Lloyd wrote about this massive $30 million ad campaign last year. The campaign claims that high fructose corn syrup has the “same natural sweeteners as table sugar and honey.” Since then, the association has released a number of ads with the same message.

But when push comes to shove, what are the facts about high fructose corn syrup? How is it made? Is it healthy in moderation to the body and the planet? Here are the facts, so that the next time you’re asked, you can confidently dispel any high fructose corn syrup rumors.

 1. The process of making high fructose corn syrup is pretty weird

First of all, there’s nothing natural about high fructose corn syrup, and it most certainly does not exist in nature.

The process starts off with corn kernels, yes, but then that corn is spun at a high velocity and combined with three other enzymes: alpha-amylase, glucoamylase, and xylose isomerase, so that it forms a thick syrup that’s way sweeter than sugar and super cheap to produce.

That’s why it’s poured into a huge majority of mass pproduced processed foods.

 2. High fructose corn syrup does weird stuff to your body

While the commercials claim that it’s fine in moderation, the truth is that the whole problem with high fructose corn syrup in the first place, is that moderation is seemingly impossible.

The syrup interferes with the body’s metabolism so that a person can’t stop eating. It’s truly hard to control cravings because high fructose corn syrup slows down the secretion of leptin in the body. Leptin is a crucial hormone in the body that tells you that you’re full and to stop eating.

That’s why it’s so closely associated with obesity in this country. It’s like an addictive drug.

 3. There might be mercury in your corn syrup

And what about the rumors of mercury being found in corn syrup?
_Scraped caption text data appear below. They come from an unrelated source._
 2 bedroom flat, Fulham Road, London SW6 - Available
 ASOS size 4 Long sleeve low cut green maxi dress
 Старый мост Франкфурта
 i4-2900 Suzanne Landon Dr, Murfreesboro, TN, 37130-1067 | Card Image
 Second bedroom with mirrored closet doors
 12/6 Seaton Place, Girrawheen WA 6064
I wrote last year that according to MSNBC in one study, published in the Journal of Environmental Health, former Food and Drug Administration scientist Renee Dufault and colleagues tested 20 samples of high fructose corn syrup and found detectable mercury in nine of the 20 samples.

“We went and looked at supermarket samples where high fructose corn syrup was the first or second ingredient on the label,” Dr. David Wallinga, a food safety researcher and activist at the nonprofit Institute for Agriculture and Trade Policy said. These 55 different foods included barbecue sauce, jam, yogurt, and chocolate syrup. “We found about one out of three had mercury above the detection limit,” Wallinga said.
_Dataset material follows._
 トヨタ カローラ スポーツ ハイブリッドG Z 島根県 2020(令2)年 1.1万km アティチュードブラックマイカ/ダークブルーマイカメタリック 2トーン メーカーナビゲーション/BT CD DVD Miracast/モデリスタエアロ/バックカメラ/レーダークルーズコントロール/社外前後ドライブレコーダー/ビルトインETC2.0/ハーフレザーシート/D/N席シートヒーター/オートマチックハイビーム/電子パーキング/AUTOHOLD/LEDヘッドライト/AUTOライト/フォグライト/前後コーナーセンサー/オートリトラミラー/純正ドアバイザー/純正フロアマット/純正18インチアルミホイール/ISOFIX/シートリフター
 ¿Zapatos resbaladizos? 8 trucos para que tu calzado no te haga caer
 4. The environmental impact of high fructose corn syrup is huge

Most corn is grown as a monoculture, meaning that the land is used solely for corn, not rotated among crops. Large monocultures, which are usually genetically modified, can be riddled with pests.

As a result, monocultures are often dressed with a toxic cocktail of pesticides so that they can survive. Monocultures can deplete the nutrients in soil and lead to erosion.
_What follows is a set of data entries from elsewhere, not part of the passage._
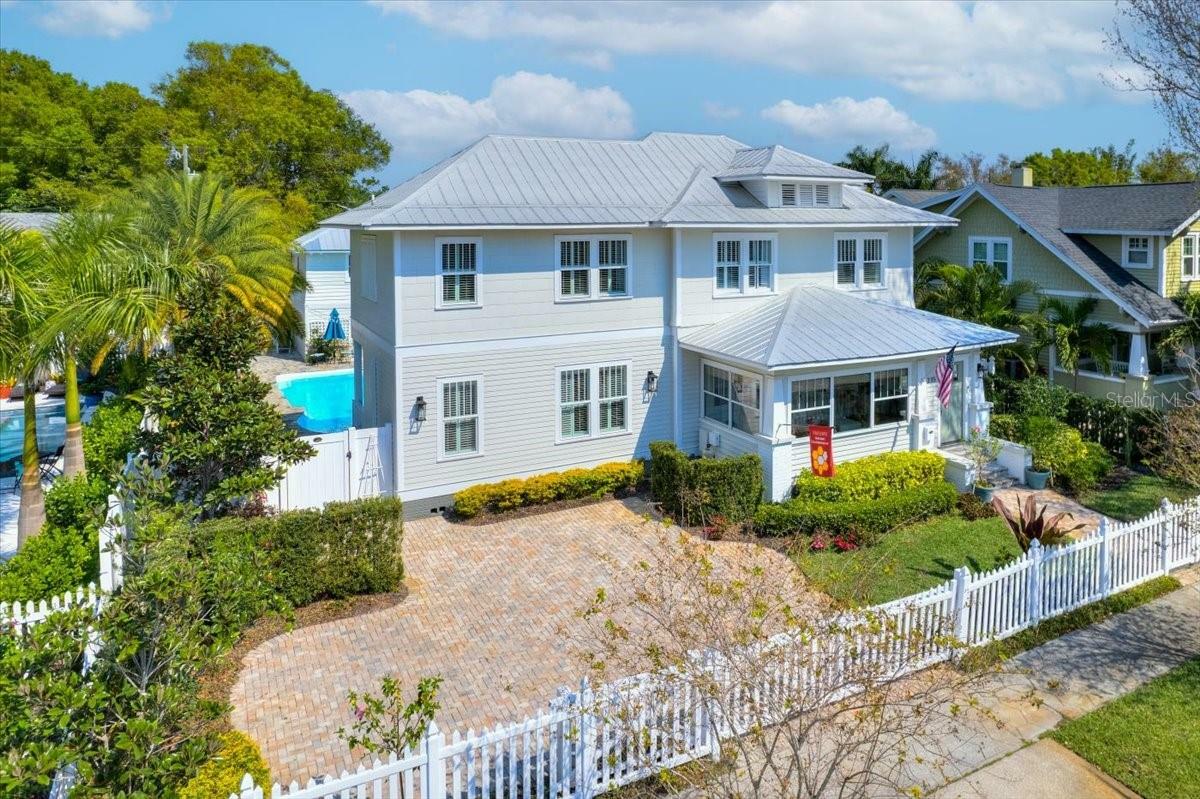 Property Photo: 235 10th Avenue NE FL 33701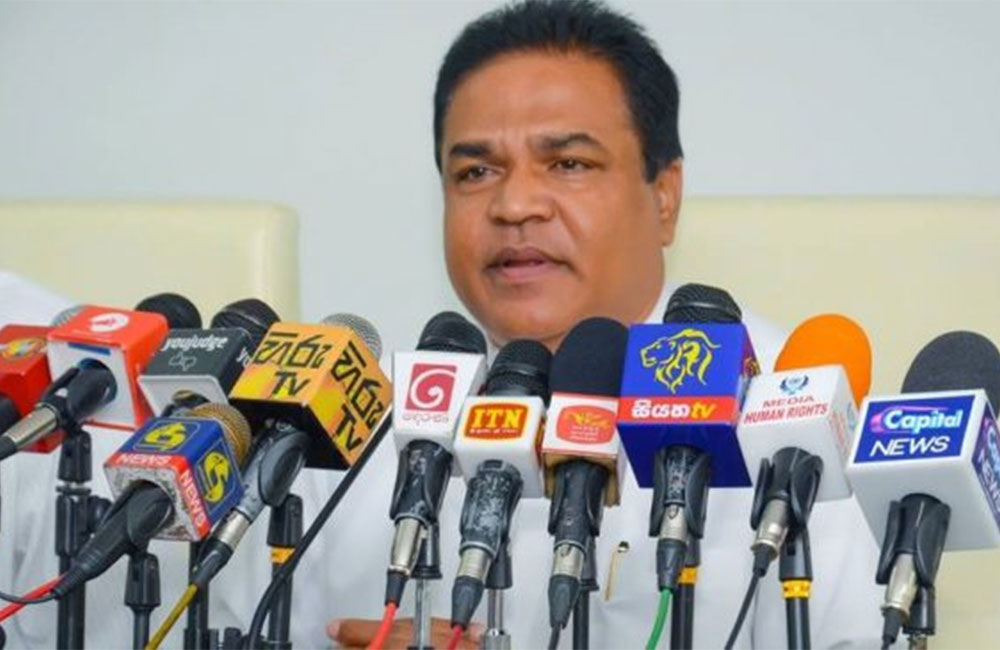 ඉර හඳ සේ විශ්වාසයි : ගෝඨාගේ නම මහින්ද කියන්නේ නෑ !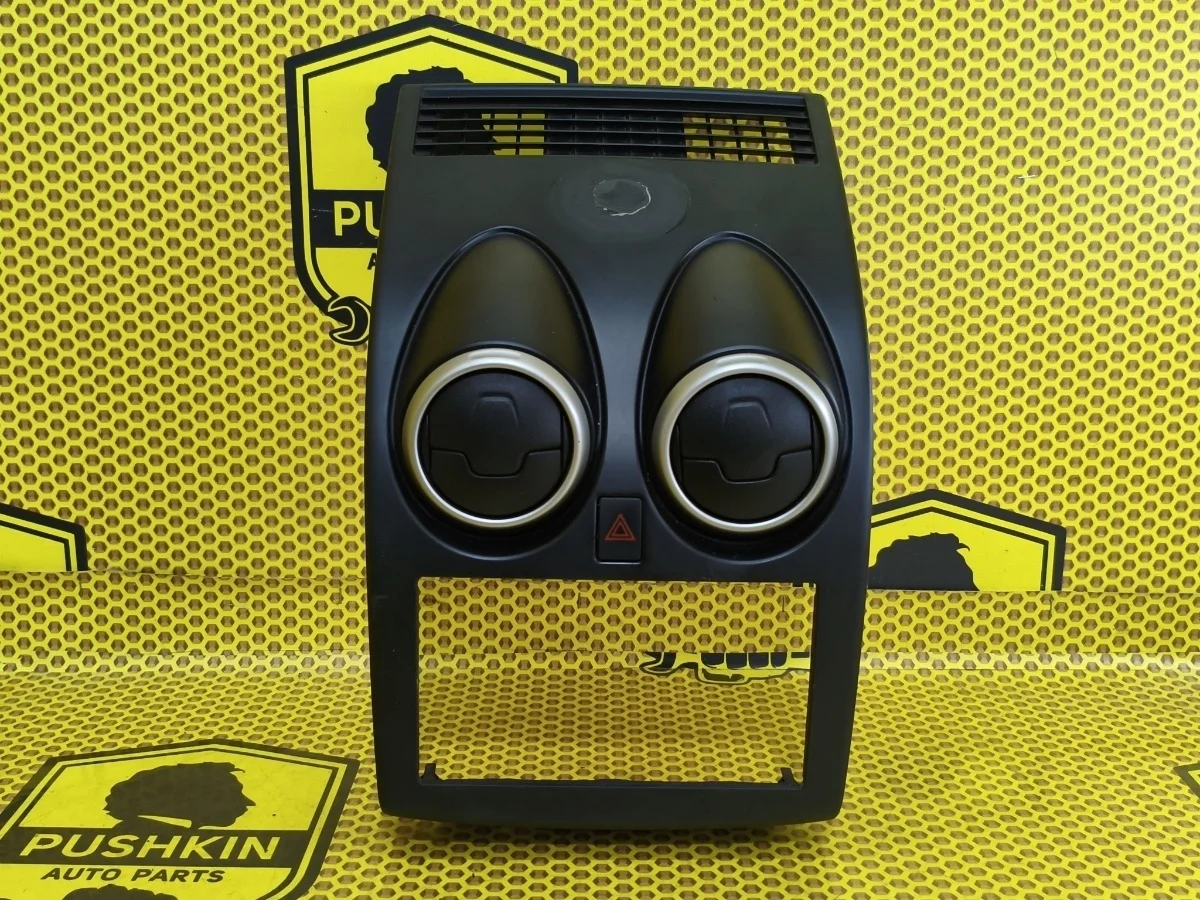 Рамка магнитолы Nissan Qashqai 2011 68260BR00A J10 MR20DE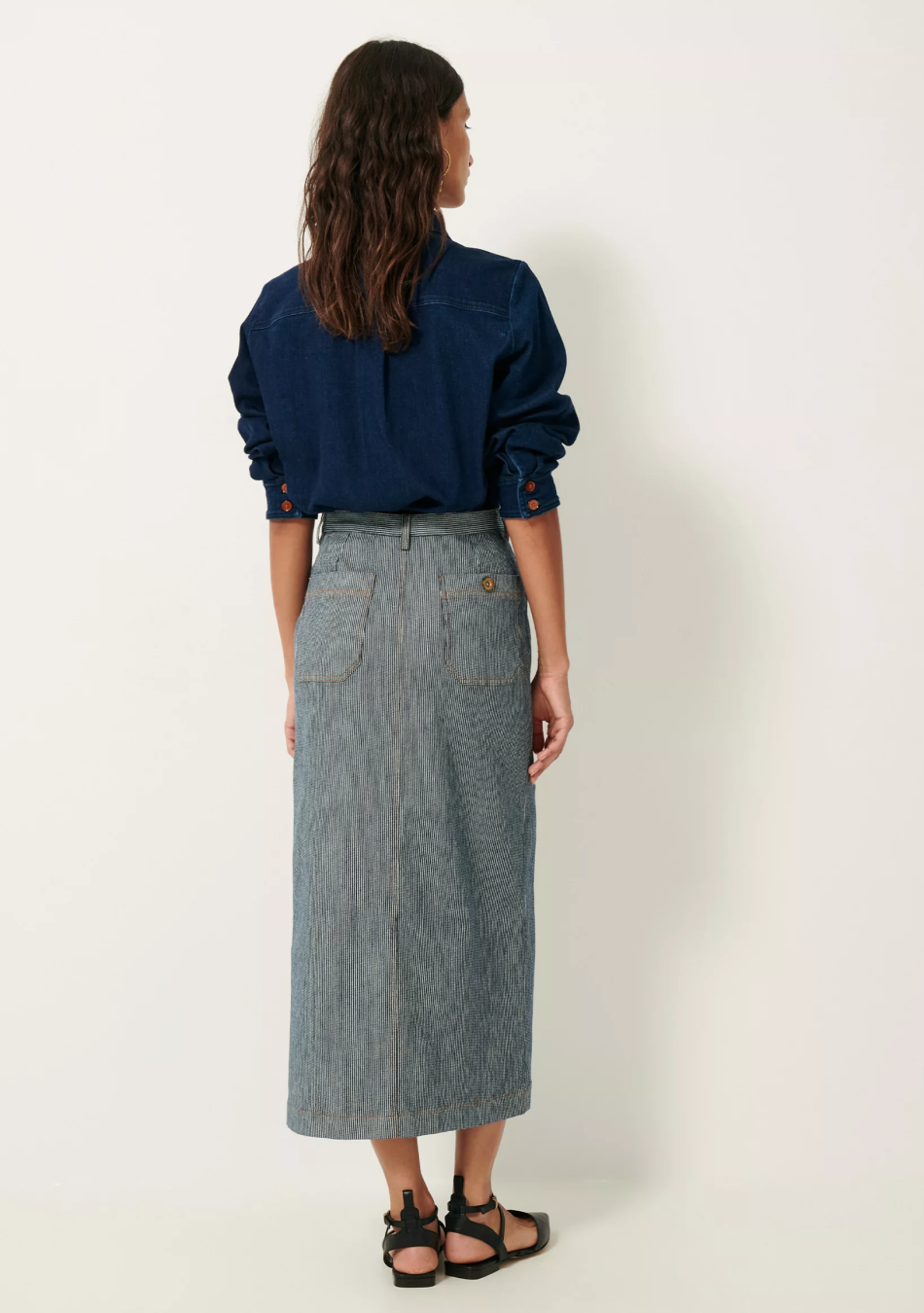SESSÚN marca francesa de ropa de mujer con un estilo casual, femenino y minimal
In addition, the pesticides used to grow them pollute our soil and ground water.

Our advice: Skip the high fructose corn syrup

Luckily, we have a lot more options when it comes to avoiding this frightening ingredient. The Corn Refiners Association wouldn’t spend $30 million on advertisements if they didn’t feel threatened and that’s because more and more alternatives are becoming available.

Read labels on every processed food that you buy. Stores like Whole Foods and Earth Fare carry tons of foods without it.

Make your own snack foods

Also consider making your own snack foods instead of buying the prepackaged variety. This way you can control your ingredients and use safer sweeteners. You can also save some major dough and reduce the amount of packaging that your family throws away.